The neverending journey

Today I’m a father. Actually I became a father weeks ago but today is the first opportunity to write about it. Becoming a parent gives you a great deal, but what it doesn’t give you is opportunity.

If you’ve a child on the way here is a suggestion. Take 10 minutes to sit down, grab a piece of paper, and note everything you want to do with the baby once it’s born. Sketch out those first few fledging weeks then take the paper and place it somewhere safe in a drawer or on a shelf.

In 12 months you’ll accidentally find the note and laugh yourself silly at how naive you were, thinking you’d have time to do anything.

From the first cry (a heart-melting moment) everything you do is now governed by someone else.
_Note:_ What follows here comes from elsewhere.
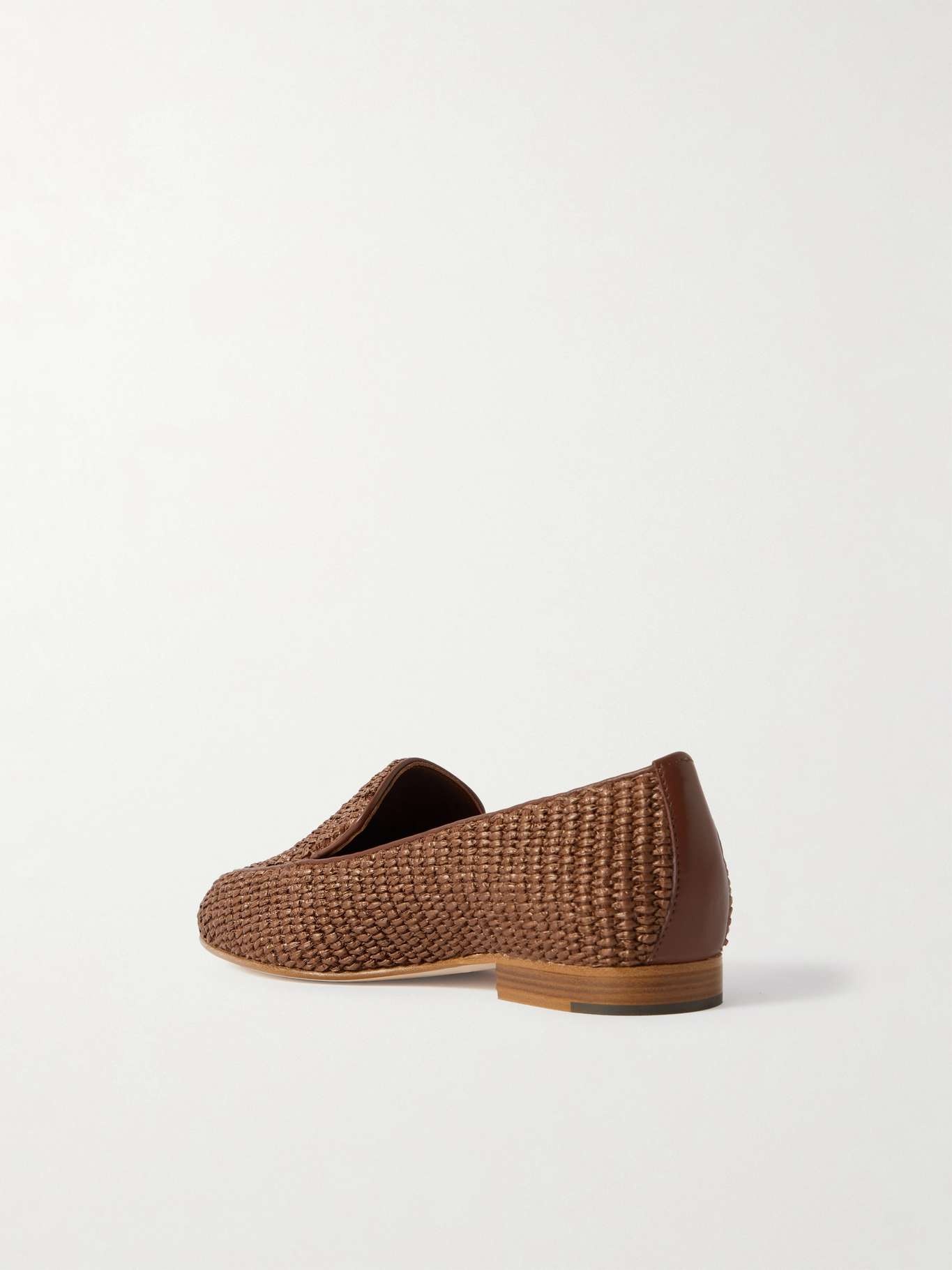 Pitakara leather-trimmed raffia loafers - 3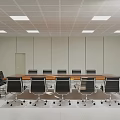 Modern Conference Room Interior With Large Table Black Chairs City View Screen And Ceiling Lights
Your need for sleep and subsistence are secondary concerns. Squeezed into fleeting moments when your new ruler decrees you may nourish yourself in order to continue to serve them effectively.

It isn’t just priorities that change. Everything sight, every sound, every situation is now filtered through the prism of potential baby harm. Is that light too bright? Is the room too cold or too warm? When visiting local cafés you’re acutely aware of those with pram-friendly doorways and those which are now off-limits.

Adapting to a new a baby is like hanging onto the back of a runaway train. Cry, eat, sleep, cry, eat, sleep, and so on, and so on, and so on. Every 2 hours without respite. Three in the morning? Cry, eat, sleep. Eight in the evening? Cry, eat, sleep.

Four days in I sat on the sofa at two in the morning staring at my daughter, who was refusing to sleep in my arms. I suddenly realised I couldn’t remember her name. Sleep deprivation had claimed me. My partner had already gone to bed, attempting some much-needed rest, so I couldn’t ask them. After a frantic few minutes going through a mental address book of every name I could think of I resorted to opening Facebook and looking her name up.

This goes on for weeks, endless weeks. A pattern that never quite gets comfortable.And then something different happens. One day your child looks at you with a smile. Not the fool’s gold facial muscle contortion of trapped wind, but a real smile. One that says ‘I know you, and I know you like seeing me smile.’. Then, like during that first cry, your heart melts all over again.